Sobre esta perícopa del Evangelio de Juan se han hecho muchos comentarios y algunos muy novedosos y significativos. El más conocido y tradicional, ajeno a la crítica literaria y teológica, es el que proporciona el texto llano. Jesús se encuentra con una mujer junto a un pozo, dialoga con ella hasta el punto de hablar de la intimidad de la mujer (“llama a tu marido”) y llegan al culmen de la charla: dónde había que adorar a Dios. La mujer era samaritana, y enseñada desde su infancia creía que el lugar correcto para adorar a Dios era el monte Gerizim, en Samaria. Los judíos, que no se llevaban bien con los samaritanos desde hacía siglos, repetían una y otra vez que el lugar correcto era el templo de Jerusalén. Y en este contexto del diálogo Jesús dice las palabras de nuestro título: “ni en este monte ni en Jerusalén” (leer 4:1-42). Posiblemente no están mal encaminados los exégetas que ven en este relato, si tiene base histórica, algo más profundo que la vida de una mujer, sobre todo si leemos el texto desde la comunidad de Juan y en el contexto histórico en que se escribe. Pero esta otra visión del texto lo dejamos para otra ocasión.

Una deducción podemos sacar del texto: ni a los dirigentes religiosos samaritanos, ni a los dirigentes religiosos judíos, les debió gustar esta declaración de Jesús (según la comunidad joánica). Esta declaración de Jesús venía –viene– a decir que para adorar a Dios no hace falta ni “lugares altos” (los montes eran lugares sagrados), ni templos de ninguna clase ni en ningún lugar. No sabemos cómo les sonará esta declaración a los dirigentes religiosos actuales, de cualquier denominación cristiana. Jesús anticipa un nuevo paradigma religioso, personal, espiritual, del corazón, auténtico, universal, abierto, compartido… sin necesidad de lugares sacralizados, sean del tipo que sean. Esta significación, no obstante, no impide que se construyan lugares de reunión donde adorar a Dios, incluso catedrales con vidrieras. Pero cuando la adoración depende o necesita de estos lugares como una necesidad, se ha subvertido el sentido de la verdadera adoración. De hecho, la casa (el hogar) fue el lugar habitual y primero de las reuniones del cristianismo primitivo. 

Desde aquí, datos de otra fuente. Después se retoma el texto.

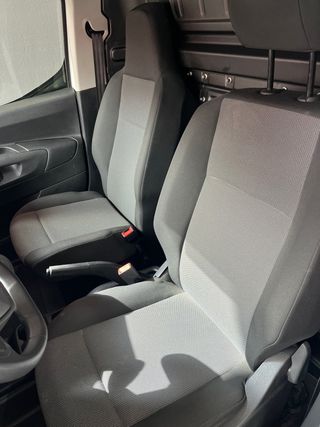 Peugeot Partner 2021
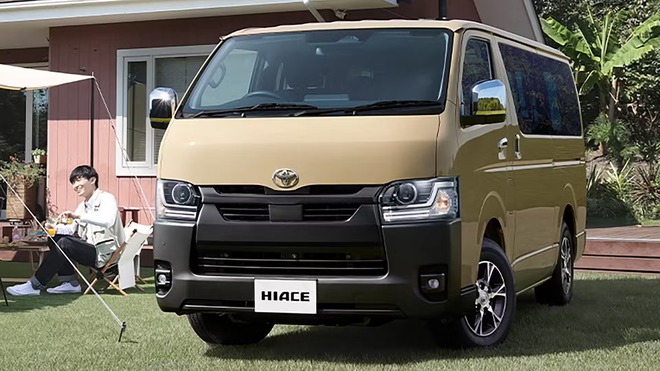 Toyota HiAce &lsquo;c&aacute; mập&rsquo; một thời tại Việt Nam c&oacute; bản n&acirc;ng cấp: Đồng hồ điện tử, camera 360 độ c&ugrave;ng nhiều tiện &iacute;ch xịn như xe con- Ảnh 5.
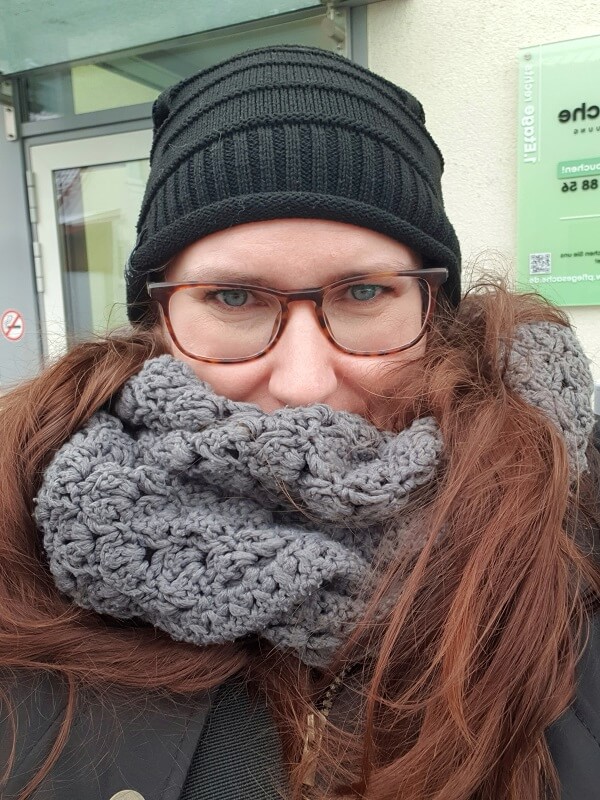 Anett, eingemummelt in dicke Winterkleidung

Siempre habrá cristianos ricos y pobres. Esto quiere decir que los primeros podrán disfrutar de lugares suntuosos, confortables, para sus servicios religiosos (calor en invierno y fresco en verano). Bendito sea Dios. Y quiere decir que los segundos sólo disfrutarán de la intemperie, cuando el tiempo lo permita, para hacer lo mismo. Bendito sea Dios.